We must assume the the sample is a simple random sample. The report states that they sampled using a “national probability sample” method, which is technically not a simple random sample. However, for the sake of analysis, this sample is random enough to conduct inference.

load("more/atheism.RData")
  1. What does each row of Table 6 correspond to? What does each row of atheism correspond to?
head(atheism)
##   nationality    response year
## 1 Afghanistan non-atheist 2012
## 2 Afghanistan non-atheist 2012
## 3 Afghanistan non-atheist 2012
## 4 Afghanistan non-atheist 2012
## 5 Afghanistan non-atheist 2012
## 6 Afghanistan non-atheist 2012

Each row in table 6 corresponds to a single country and its relative proportions of religious beliefs among the sample taken from that country.

Each row of atheism corresponds to the religious beliefs of one person in one country during a specific year.

  1. Using the command below, create a new dataframe called us12 that contains only the rows in atheism associated with respondents to the 2012 survey from the United States. Next, calculate the proportion of atheist responses. Does it agree with the percentage in Table 6? If not, why?
us12 <- subset(atheism, nationality == "United States" & year == "2012")

library(dplyr)

us12 %>%
  group_by(response) %>%
  summarise(proportion = length(response)/1002)
## # A tibble: 2 x 2
##   response    proportion
##   <fct>            <dbl>
## 1 atheist         0.0499
## 2 non-atheist     0.950

The proportion agrees with the percentage of atheist responses in the data. They rounded the atheist percentage up to 5% because 4.99% is close enough to 5%.

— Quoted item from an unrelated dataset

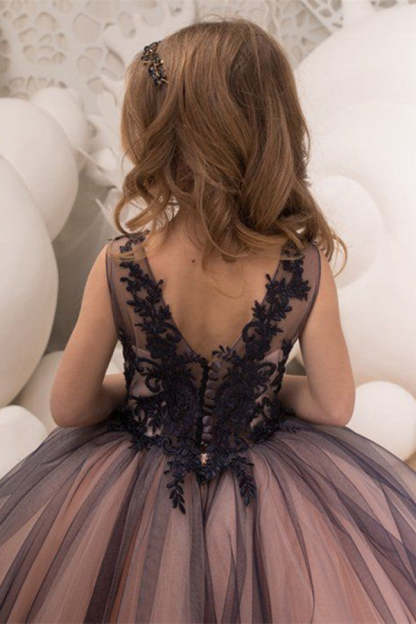 Chicloth Black Lace Princess Ball Gown Flower Girl Dress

  1. Write out the conditions for inference to construct a 95% confidence interval for the proportion of atheists in the United States in 2012. Are you confident all conditions are met?

Observations must be independent - There may be some degree of sampling bias since the sample was not a simple random sample, however, the data is random enough to have independent observations. Also the sample is less than 10% of the population.

Success failure criteria - There are at least 10 expected people in the success group and 10 people in the failure group.

inference(us12$response, est = "proportion", type = "ci", method = "theoretical", 
          success = "atheist")
## Warning: package 'BHH2' was built under R version 3.5.3
## Single proportion -- success: atheist 
## Summary statistics:

## p_hat = 0.0499 ;  n = 1002 
## Check conditions: number of successes = 50 ; number of failures = 952 
## Standard error = 0.0069 
## 95 % Confidence interval = ( 0.0364 , 0.0634 )
  1. Based on the R output, what is the margin of error for the estimate of the proportion of the proportion of atheists in US in 2012?
(0.0634 - 0.0364)/2
## [1] 0.0135

The margin of error is 0.0135.

  1. Using the inference function, calculate confidence intervals for the proportion of atheists in 2012 in two other countries of your choice, and report the associated margins of error. Be sure to note whether the conditions for inference are met. It may be helpful to create new data sets for each of the two countries first, and then use these data sets in the inference function to construct the confidence intervals.

Observations must be independent - There may be some degree of sampling bias since the sample was not a simple random sample, however, the data is random enough to have independent observations. Also the sample is less than 10% of the population.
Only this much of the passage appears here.